▶ EXERCISE: Return the entries below word for word. No picture belongs in the copy.

┏━━

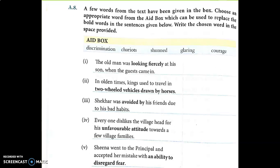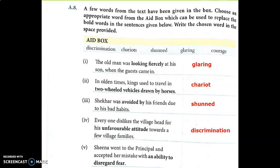Sentence one: The old man was looking fiercely at his son when the guests came in. The answer is glaring. Sentence two: In olden times, kings used to travel in two-wheeled vehicles drawn by horses — that is chariots (as seen when Arjuna came with his brothers and the guru). Sentence three: Shekhar was avoided by his friends due to his bad habits — that means shunned. Sentence four: Dislikes the village head for his unfavorable attitude towards a few village families — that is discrimination. Sentence five: Sheena went to the principal and accepted her mistake with an ability to disregard fear — that is courage.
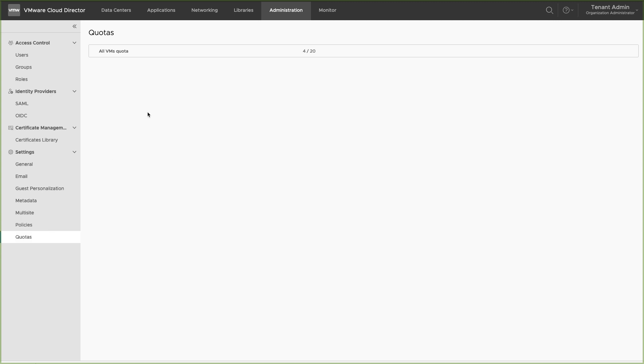Here, the service provider has set a quota of 20 VMs for this organization. This concludes this demonstration. Thank you for watching.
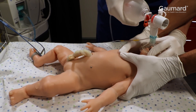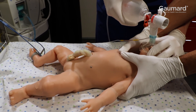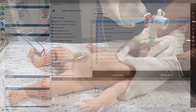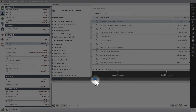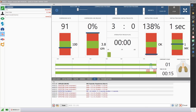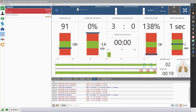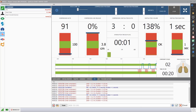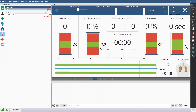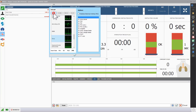SuperTori features palpable landmarks for correct placement of hands during CPR. Open the CPR window to access the eCPR real-time feedback program. With eCPR, instructors and learners can receive real-time feedback on the quality of compression and ventilation depth, rate, and volume. Before starting a session of CPR, apply the appropriate vitals.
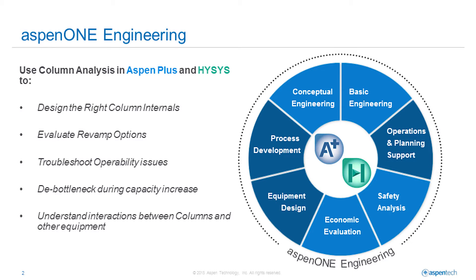Column analysis in V9 of Aspen One Engineering is meant to improve an engineer's understanding of tower performance in all phases of the engineering workflow from process development to equipment design to operation support.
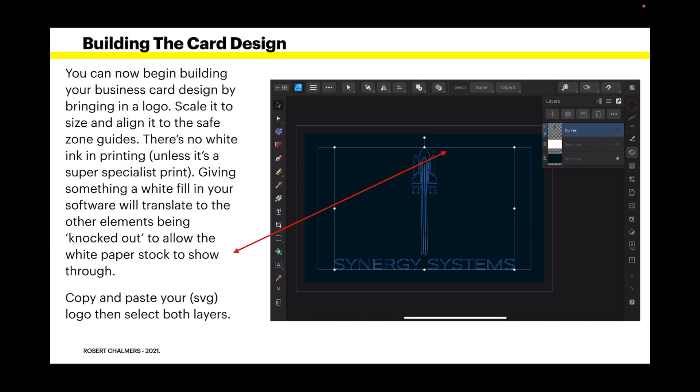You can now begin building your business card design by bringing in a logo. Now I'm not going into logo design here, but I've simply used an SVG file here. Scale it to size and align it to the safe zone guides - that's the inner guide you can see there, the blue rectangle. There's no white ink in printing unless it's a super specialist print, and we're not concerned about that here.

┗━━

▶ SOLUTION TO THE EXERCISE:
Sentence one: The old man was looking fiercely at his son when the guests came in. The answer is glaring. Sentence two: In olden times, kings used to travel in two-wheeled vehicles drawn by horses — that is chariots (as seen when Arjuna came with his brothers and the guru). Sentence three: Shekhar was avoided by his friends due to his bad habits — that means shunned. Sentence four: Dislikes the village head for his unfavorable attitude towards a few village families — that is discrimination. Sentence five: Sheena went to the principal and accepted her mistake with an ability to disregard fear — that is courage.
Here, the service provider has set a quota of 20 VMs for this organization. This concludes this demonstration. Thank you for watching.
SuperTori features palpable landmarks for correct placement of hands during CPR. Open the CPR window to access the eCPR real-time feedback program. With eCPR, instructors and learners can receive real-time feedback on the quality of compression and ventilation depth, rate, and volume. Before starting a session of CPR, apply the appropriate vitals.
Column analysis in V9 of Aspen One Engineering is meant to improve an engineer's understanding of tower performance in all phases of the engineering workflow from process development to equipment design to operation support.
You can now begin building your business card design by bringing in a logo. Now I'm not going into logo design here, but I've simply used an SVG file here. Scale it to size and align it to the safe zone guides - that's the inner guide you can see there, the blue rectangle. There's no white ink in printing unless it's a super specialist print, and we're not concerned about that here.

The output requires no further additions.